A considerable improvement of this proven contact geometry is described in the German Publication Copy No. 2,352,540. In these vacuum switch contacts both the central contact surfaces and the arc baffles have a separate current feed. The result is that in case of a migration of the arc contact points in a radial direction initially, the current forces removed from the center increase. However, forces acting in central direction occur when the contact points approach the edge of the switch parts. Thus no current forces can occur which expel the arcs from the area between the switch contacts. However, it is a disadvantage that switch contacts with this contact geometry can be produced with difficulty and the contacts become very costly. Moreover, the arc has a good opportunity to contract on the central current feed because of the low resistance of the contact bolts. Thus, contact erosions may be created which are undesirable on switch contact surfaces of vacuum switches. Moreover, gaps with sharp edges are undesirable at the most narrow point of the contact gap because of the high electric field strength developing at the edges at dielectric stress.

SUMMARY OF THE INVENTION

The invention is a less expensive vacuum switch comprising a stationary and a mobile contact bolt. The adjacent contact surfaces of the two contact bolts are covered by contact disks. Each disk is hollow and has a more or less eliptical cross-section. The interior hollow regions are annular in shape. The discs are flexible and spring back to their original shape once a distorting force has been removed.

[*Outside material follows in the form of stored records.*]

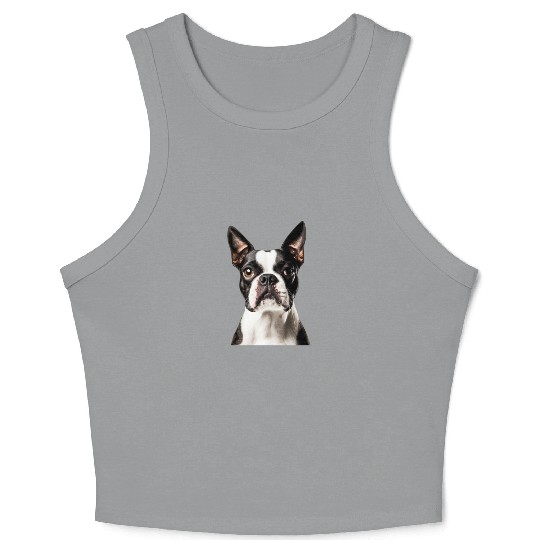 Cute Boston Terrier Dog Face, Adorable Pet Lover Crop Tank Top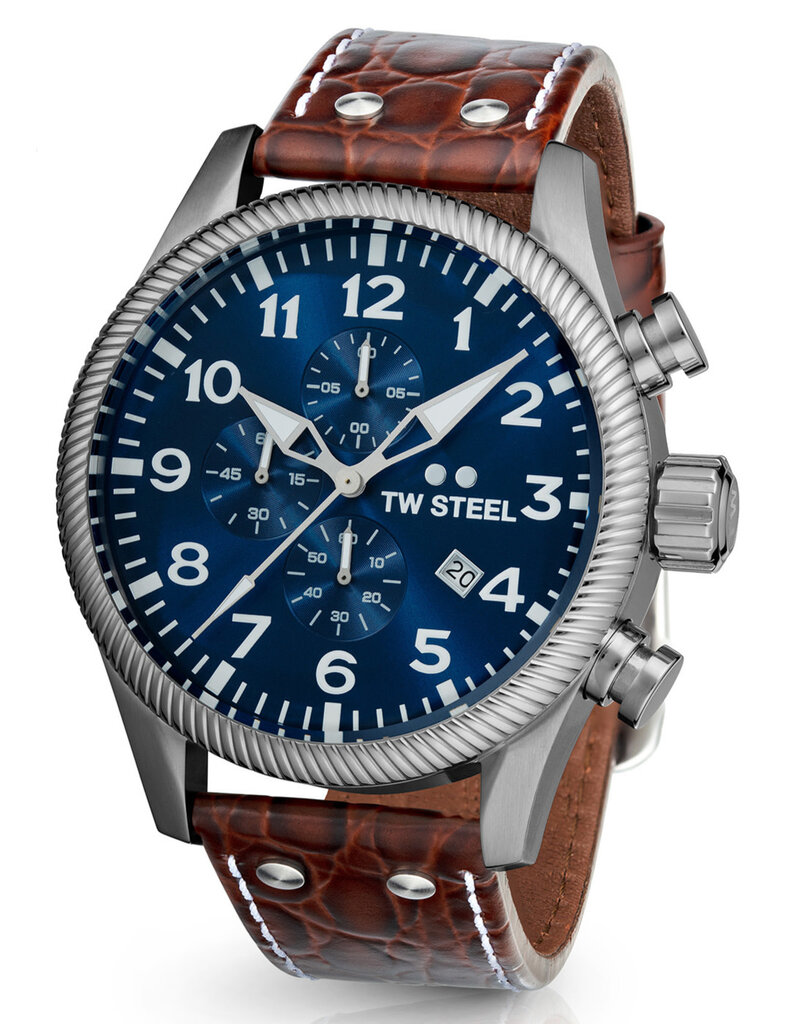 TW Steel TW Steel Horloge Heren VS111 Staal Chronograaf met Blauwe Wijzerplaat en Bruine Croco Horlogeband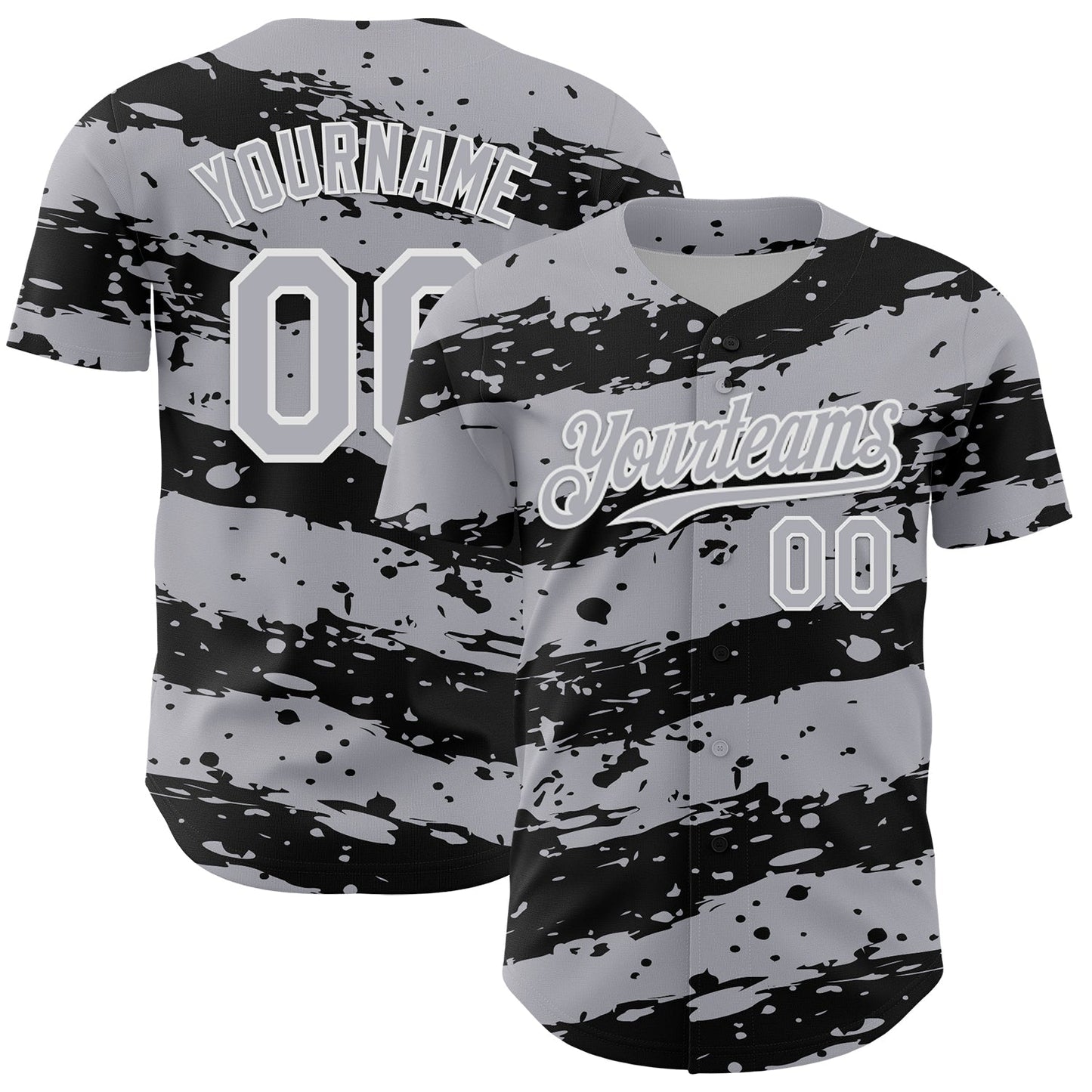 Custom Gray Black-White Paint Splash Stripe Authentic Baseball Jersey baseball jersey product view 1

Each disk is mounted on the contact end of a bolt so that in the open state, a gap exists between the end of that contact bolt and the adjacent bottom interior surface of the disk. When the switch is fully closed however, the two contact bolts are driven together and sandwiched between the contact ends of the contact bolts and the bottom surfaces of the contact disks. In the closed condition the gaps are eliminated.

The disks are slightly flexed when the switch is closed. As a result, as the switch starts to open, the ends of the contact bolts first separate from the adjacent bottom interior surfaces of their respective contact disks thereby restoring the gaps. As a result since the contact bolt ends separate from their associated contact disks before the contact disks start to separate from each other, any arc that may start occurs only between the external adjacent surfaces of the contact disks. No arcs exist between the ends of the contact bolts.

The contact disks each are pierced or have an aperture at least at one point on a surface away from the contact surfaces so that the same pressure which exists throughout the rest of the switch exists in the interior of the contact disks.

In order to produce a rotation of the arc, the surfaces of each contact disk contain a number of oblique slots. These slots are straight and start at the periphery of each contact disk and extend tangentially toward the associated contact bolt. The slots on each pair of contact discs in a given switch are aligned opposite one another.

An alternate embodiment of the invention has contact disks with a cylindrical cross section. A tubular section joints the top and bottom sections of the basic contact disk. This enlargement of the contact disks allows the switch to have a higher current rating without the necessity of having a larger diameter. This form of the contact disk may also be slotted with tangential, straight cuts.

The contact bolts may be essentially pure copper or may be an alloy of copper and boron, chromium, zirconium or beryllium or a mixture thereof. The contact ends of the contact bolts may be coated with a chromium-copper, tungsten-copper, cobalt-copper or molybdenum-copper alloy.

The contact disks have adjacent contact surfaces which may be fabricated of a cobalt-copper, chromium-copper, tungsten-copper or molybdenum-copper alloy. The non-adjacent surfaces of the contact disks may be fabricated of copper or copper alloyed with boron, chromium, zirconium or beryllium or a mixture thereof. The intermediate tubular member in the alternate embodiment of the invention may be fabricated of a boron-copper, chromium-copper, zirconium-copper or beryllium-copper alloy.

BRIEF DESCRIPTION OF THE DRAWINGS

FIG. 1 is a pictorial diagram, partially in section of a vacuum switch.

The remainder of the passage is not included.